一个热备份的服务器(看24.4)通过读取预写日志记录的方式保持当前状态。如果主服务器失败,那么热备份服务器包含有所有主服务器的数据,就可以很快地把自己改变为新的主数据库服务器。这是异步的并且仅能够对整个数据库服务器做备份。

Master-Slave Replication

主从复制

A master-slave replication setup sends all data modification queries to the master server. The master server asynchronously sends data changes to the slave server. The slave can answer read-only queries while the master server is running. The slave server is ideal for data warehouse queries.
一个主从复制结构是会发送所有的数据修改查询到主服务器。主服务器负责异步地发送数据改变到从服务器。从服务器在主服务器运行的时候可以响应只读查询。从服务器对于数据仓库的查询是比较理想的。
Slony-I is an example of this type of replication, with per-table granularity, and support for multiple slaves. Because it updates the slave server asynchronously (in batches), there is possible data loss during fail over.
Slony-I是这类复制的一个例子,基于表级的颗粒度,并且支持多个slave。因为它是异步更新(批处理),在failover的时候可能会有数据丢失。

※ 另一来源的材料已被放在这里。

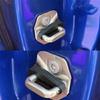 4pcs/set Noise Reducing Door Lock Pads Lock Dampening Pads Car Door Lock Pad set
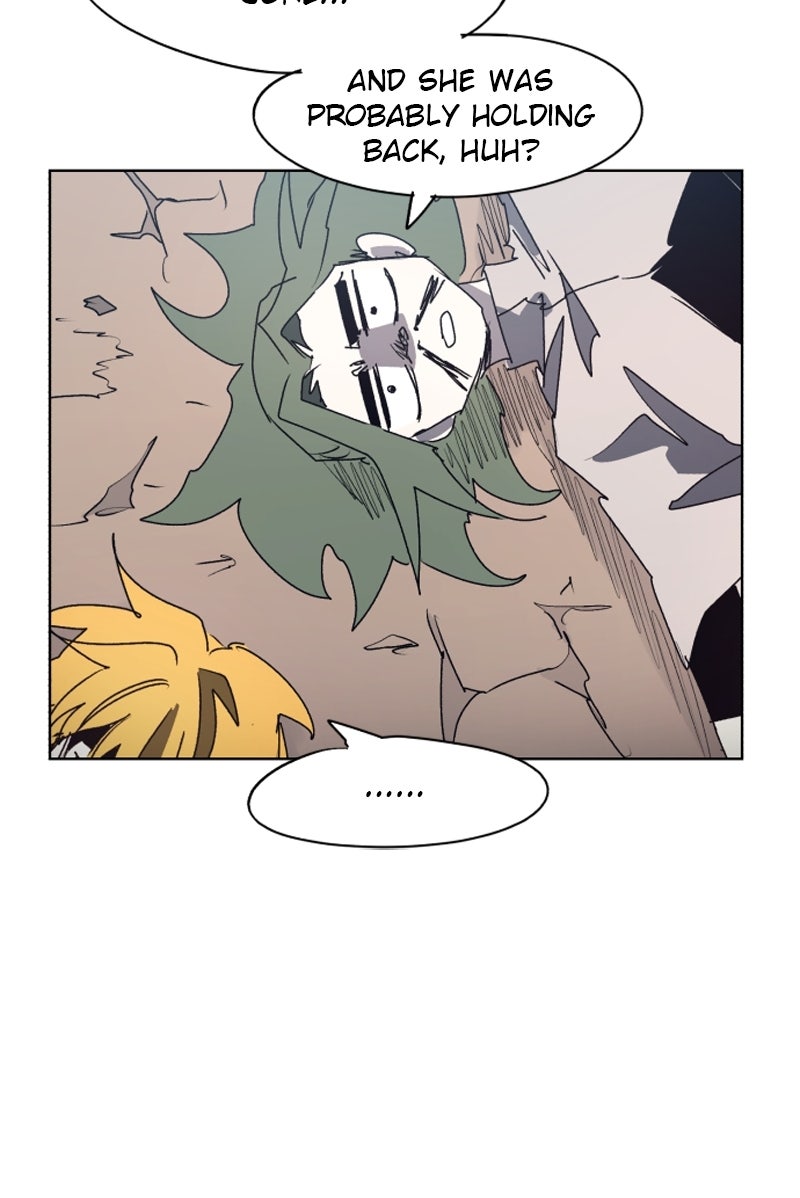 Read The Ember Knight Manga Online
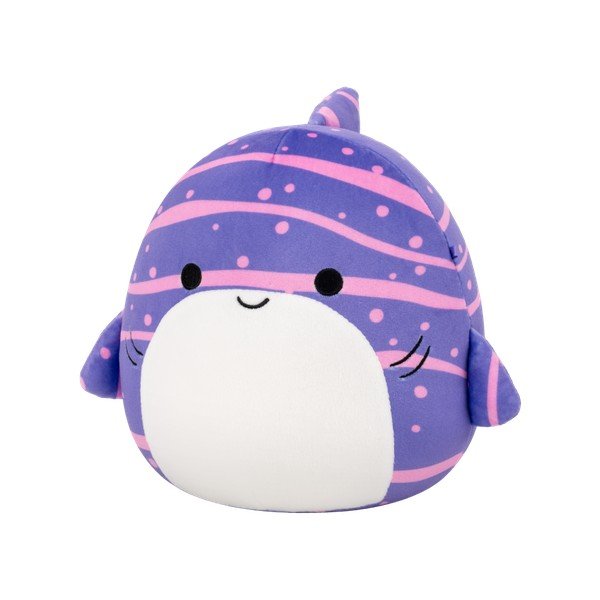 Plüüsist mänguasi Tizziano - SQUISHMALLOWS-image-4
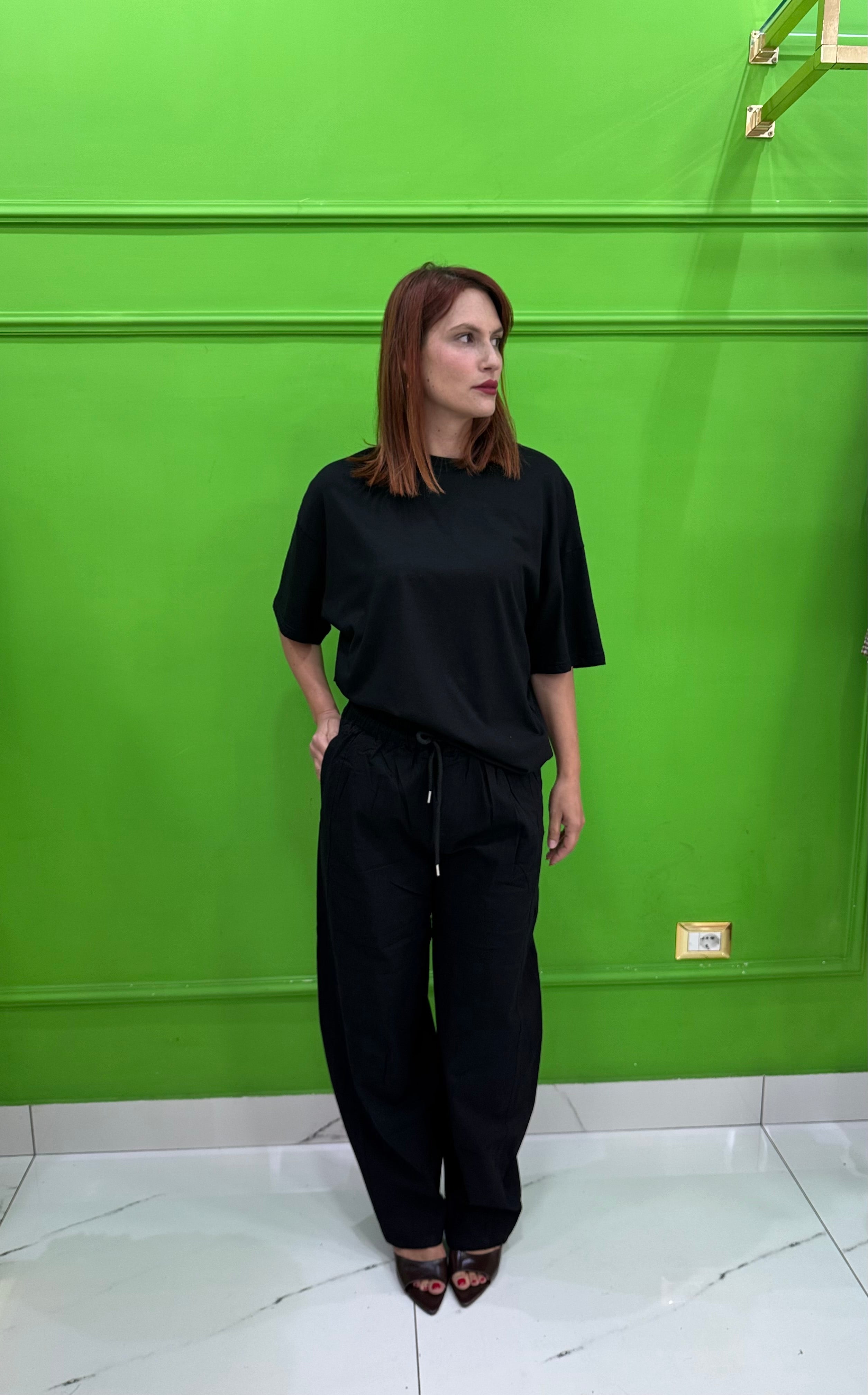 Pantalone Mely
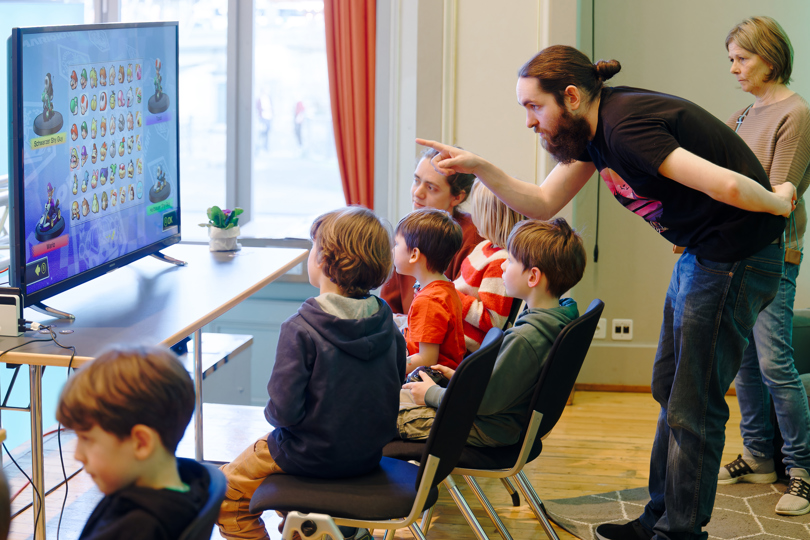 Digital Festival 2024 Klein 025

Statement-Based Replication Middleware

基于statement的复制中间件

With statement-based replication middleware, a program intercepts every SQL query and sends it to one or all servers. Each server operates independently. Read-write queries are sent to all servers, while read-only queries can be sent to just one server, allowing the read workload to be distributed.
使用基于statement的复制中间件,程序截取每一个sql查询并且把它发送到一个或者所有的服务器。每一个服务器独立操作。读/写查询被送到所有的服务器,与此同时只读查询只送到一个服务器,这样可以实现读分布。
If queries are simply broadcast unmodified, functions like random(), CURRENT_TIMESTAMP, and sequences would have different values on different servers. This is because each server operates independently, and because SQL queries are broadcast (and not actual modified rows). If this is unacceptable, either the middleware or the application must query such values from a single server and then use those values in write queries. Also, care must be taken that all transactions either commit or abort on all servers, perhaps using two-phase commit (PREPARE TRANSACTION and COMMIT PREPARED. Pgpool-II and Sequoia are examples of this type of replication.
如果一个查询简单地不家修改地广播,函数比如random(), CURRENT_TIMESTAMP, 以及sequence在不同的服务器上将是不同的值。这是因为每一个服务器都是独自工作的,并且因为sql查询被广播(并不是实际修改的行)。如果这个不能被接受,那么不管是中间件或者应用都必须从一个单独的服务器来查询这些值并且用在写查询中。同事,需要注意的是,所有的事务不管是commit或者abort,或许使用两阶段提交(PREPARE TRANSACTION和COMMIT PREPARED)。pgpool-ii以及Sequoia就是这类复制方案的一个例子。

Asynchronous Multimaster Replication

异步multimaster复制

For servers that are not regularly connected, like laptops or remote servers, keeping data consistent among servers is a challenge. Using asynchronous multimaster replication, each server works independently, and periodically communicates with the other servers to identify conflicting transactions. The conflicts can be resolved by users or conflict resolution rules.
对于没有互联的服务器,比如掌上电脑或者远程服务器,在服务器间保持数据的一致性是一个挑战。使用异步multimaster复制方案,每一个服务器独立工作,并且周期性地相互通讯来标识冲突的事务。这些冲突通过用户或者冲突解决规则得以处理。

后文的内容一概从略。